> _Assignment_: With the pictures removed, reproduce exactly the lines from the one that contains "BV Point Orange, For" through the last line of the entries below.

> _Material for this task_:

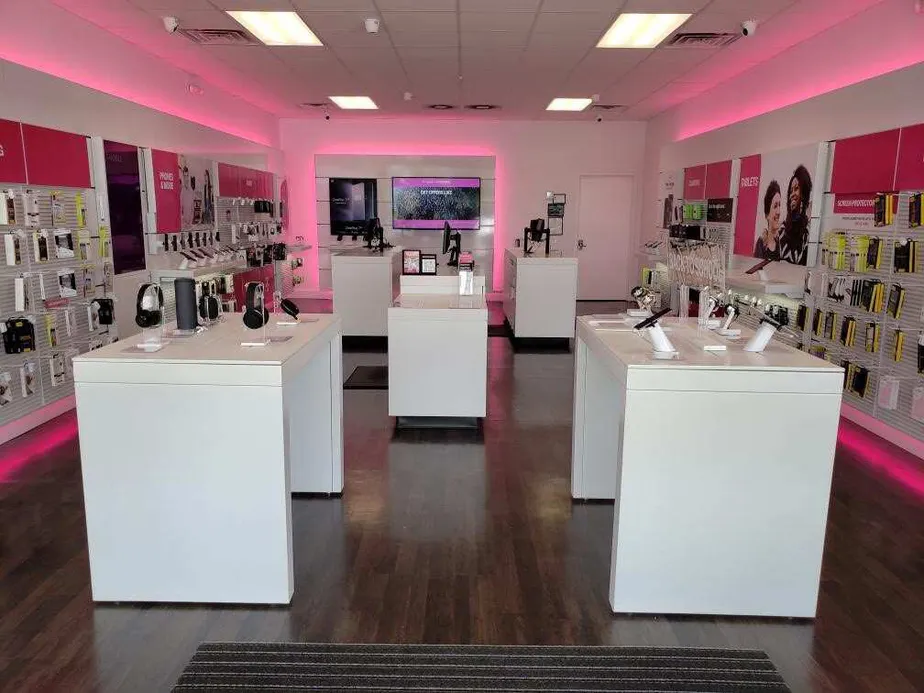 Foto del interior de la tienda T-Mobile en E Pulaski Hwy & S Bridge St, Elkton, MD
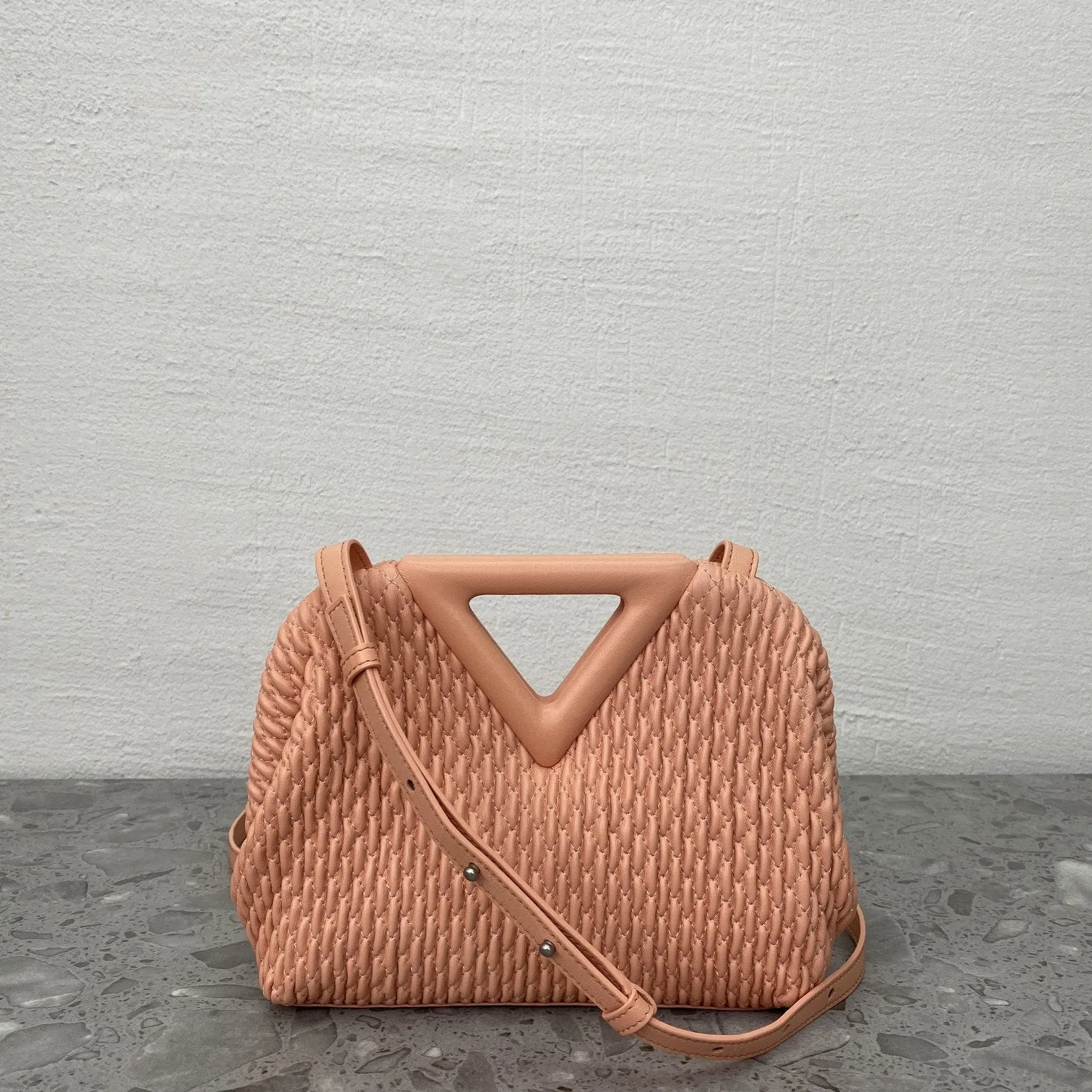 BV Point Orange, For Women, Women’s Bags 9.4in/24cm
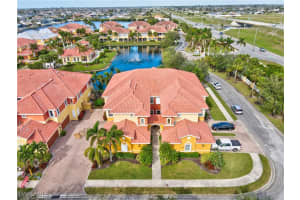 225 Shadroe Cove Circle, Cape Coral, FL 33991 Sold 05/13/25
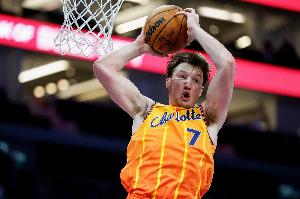 雷吉·米勒：克尼佩爾現(xiàn)在的三分表現(xiàn) 再過15年庫里會不會緊張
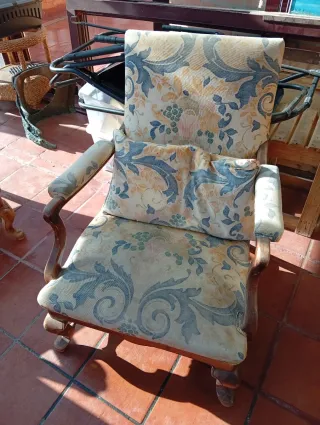 Sillones antiguos de tela y madera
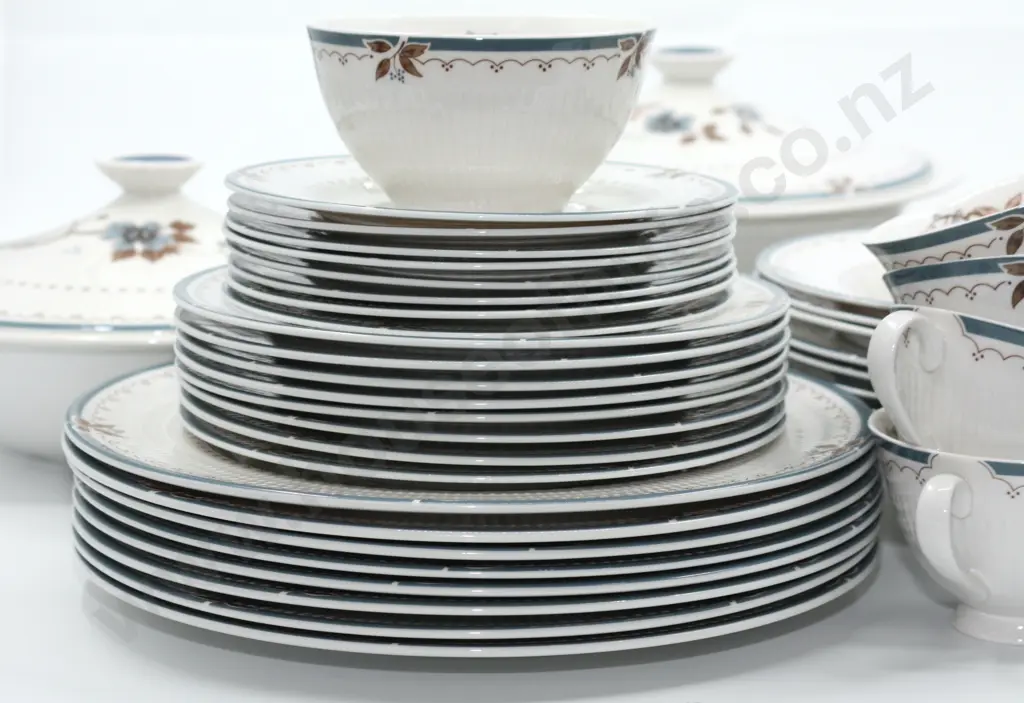 Old Colony Royal Doulton 8 Piece Dinner Set  Image 1++
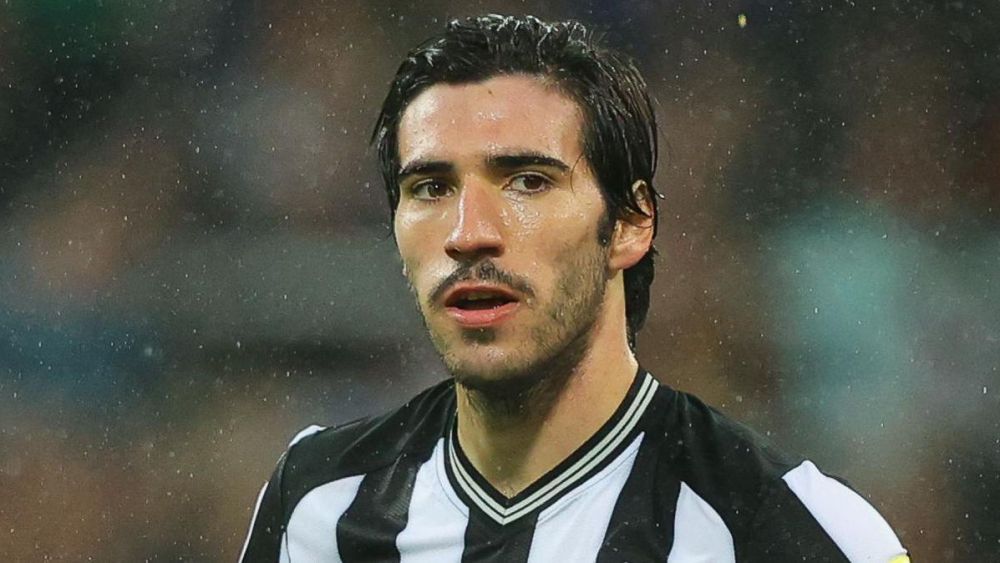 Sandro Tonali con el Newcastle
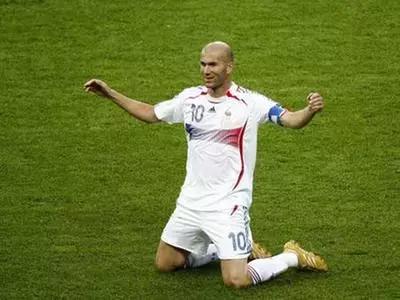 绝代双骄梅西c罗谁提出来的,梅西与c罗一起回家图片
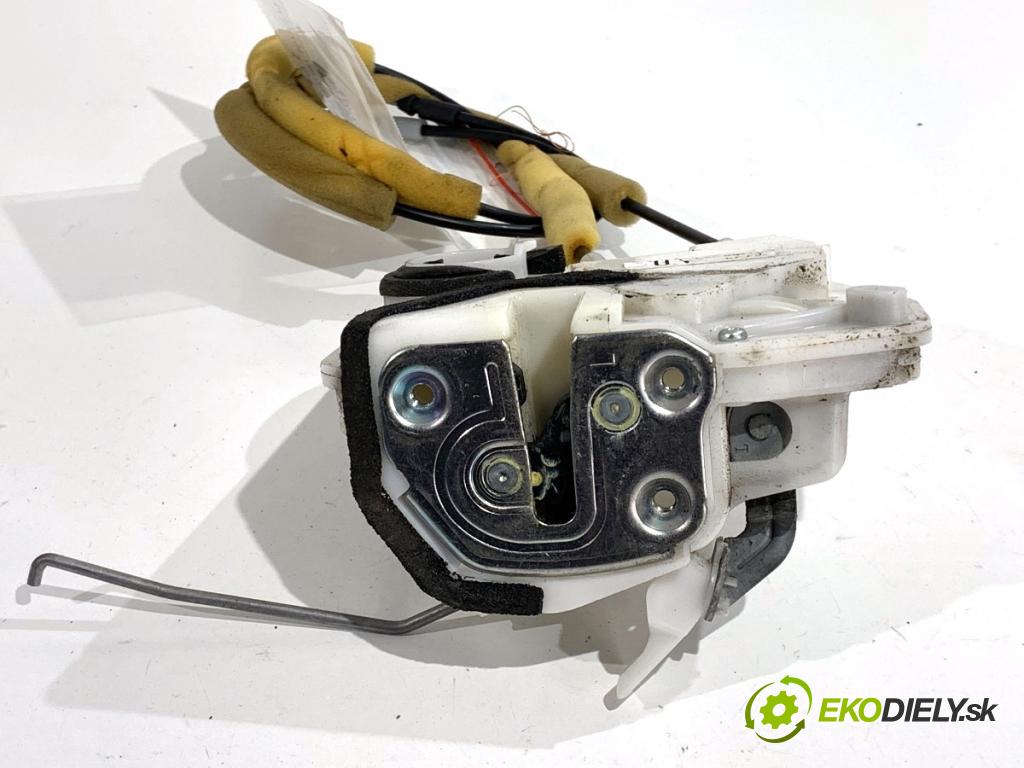 MAZDA 2 DE liftback 2010 63 kW 1.3 (DE3FS) 1349 zámok dveře levý přední část 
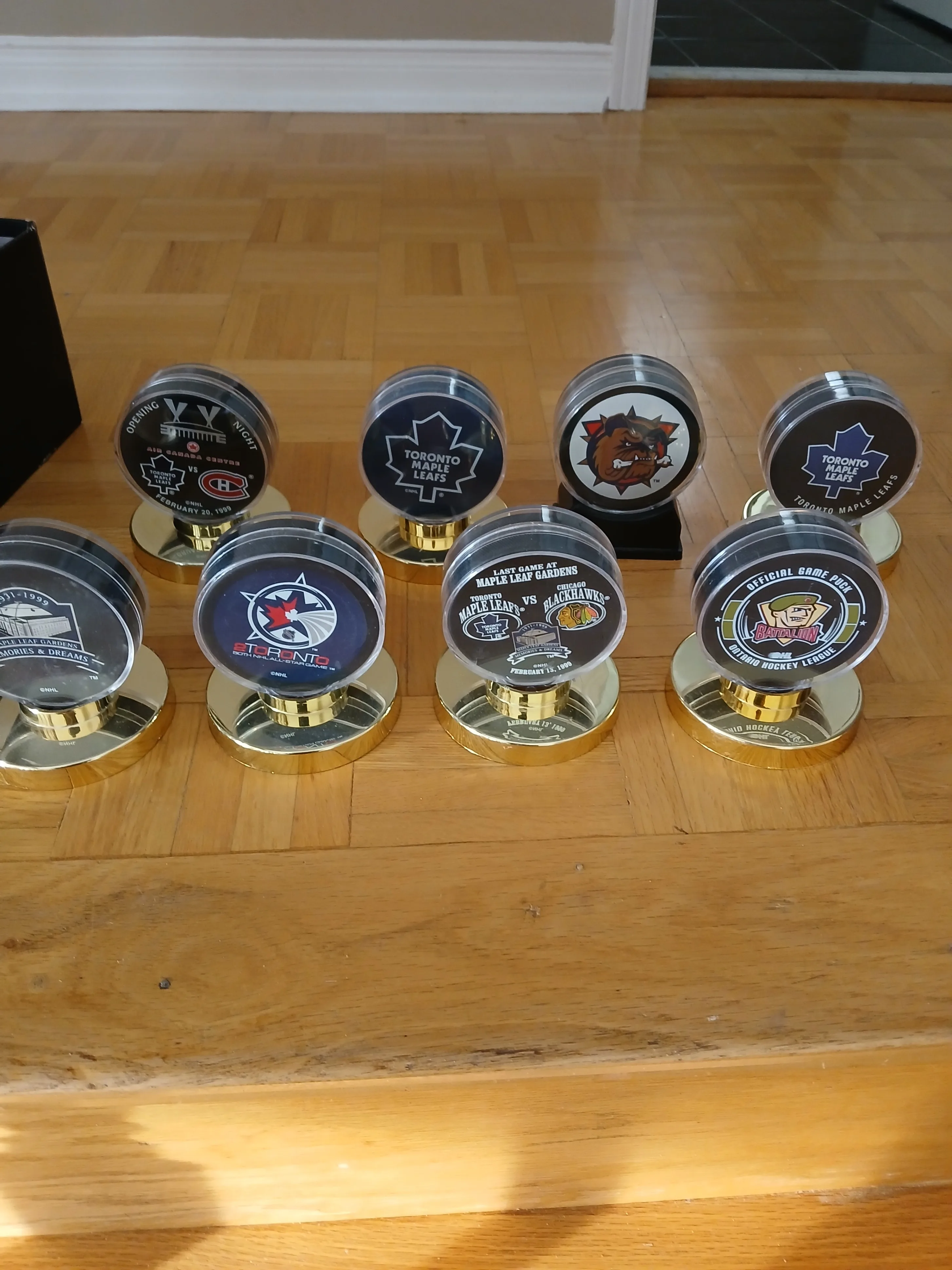 16 ASSORTED VERY COLLECTABLE HOCKEY PUCKS thumbnail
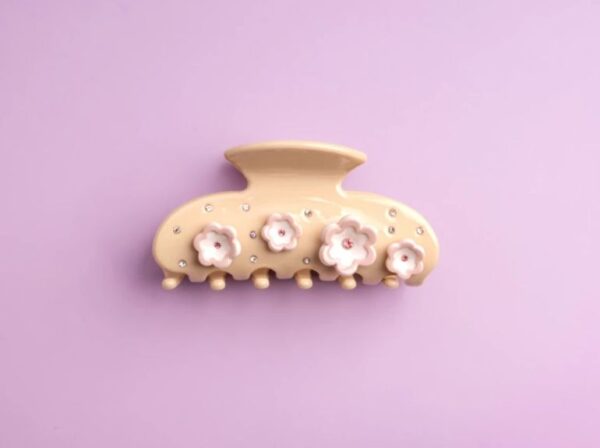 22 Accessories Claw Clip กิ๊บหนีบผม รุ่น DUPES Collection(สีครีม)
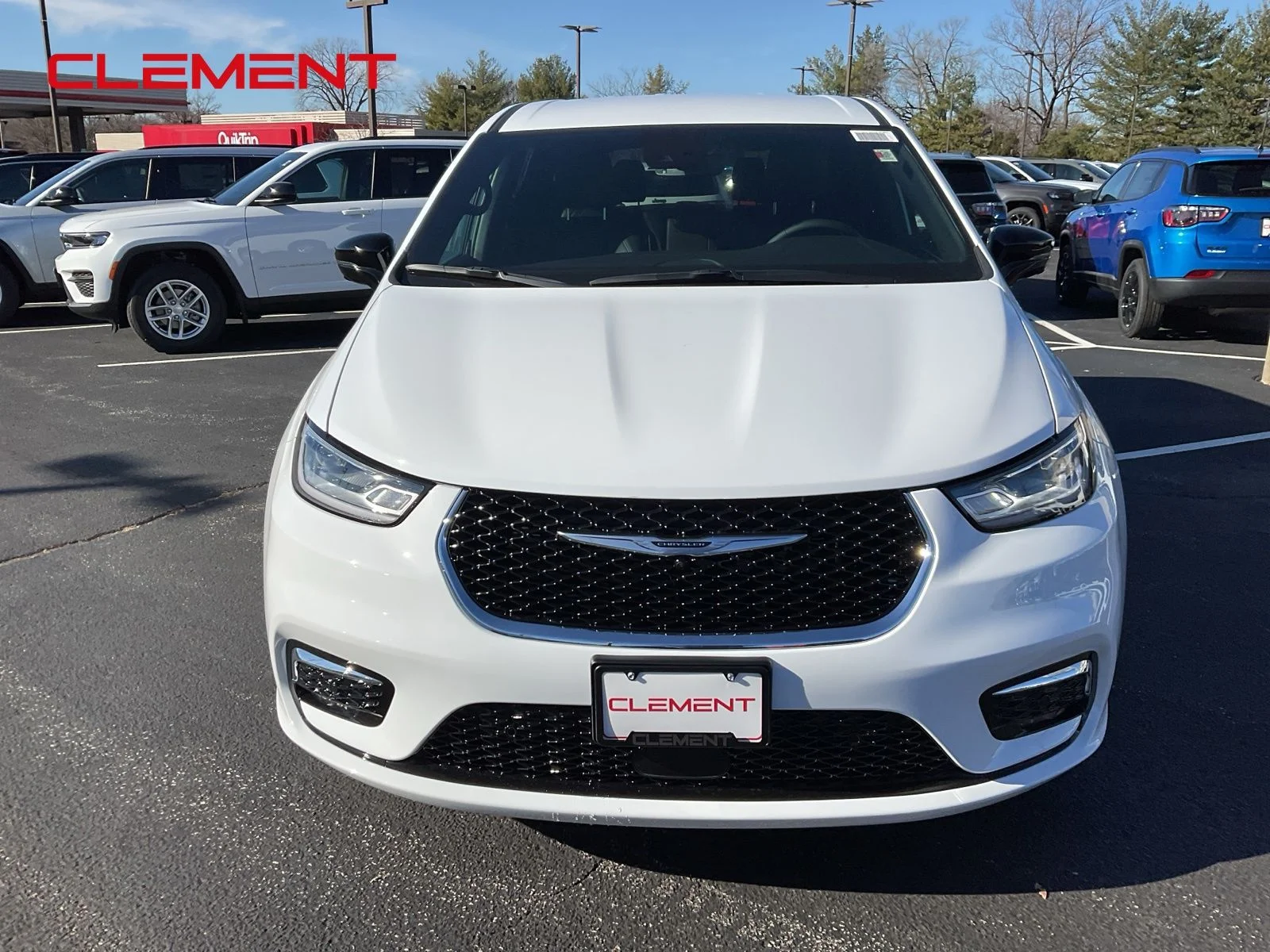 New 2026 Bright White Clear-Coat Exterior Paint Chrysler Select image 3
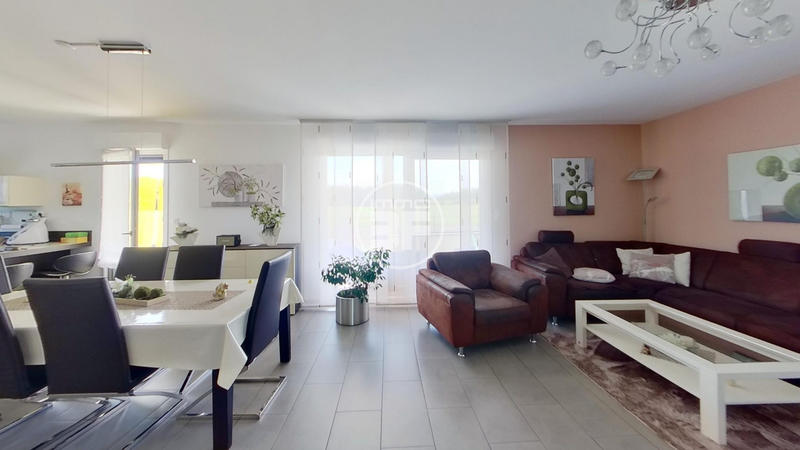 Maison - 260 m² - 6 pièces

> _Result of this task_:
 BV Point Orange, For Women, Women’s Bags 9.4in/24cm
 225 Shadroe Cove Circle, Cape Coral, FL 33991 Sold 05/13/25
 雷吉·米勒：克尼佩爾現(xiàn)在的三分表現(xiàn) 再過15年庫里會不會緊張
 Sillones antiguos de tela y madera
 Old Colony Royal Doulton 8 Piece Dinner Set  Image 1++
 Sandro Tonali con el Newcastle
 绝代双骄梅西c罗谁提出来的,梅西与c罗一起回家图片
 MAZDA 2 DE liftback 2010 63 kW 1.3 (DE3FS) 1349 zámok dveře levý přední část 
 16 ASSORTED VERY COLLECTABLE HOCKEY PUCKS thumbnail
 22 Accessories Claw Clip กิ๊บหนีบผม รุ่น DUPES Collection(สีครีม)
 New 2026 Bright White Clear-Coat Exterior Paint Chrysler Select image 3
 Maison - 260 m² - 6 pièces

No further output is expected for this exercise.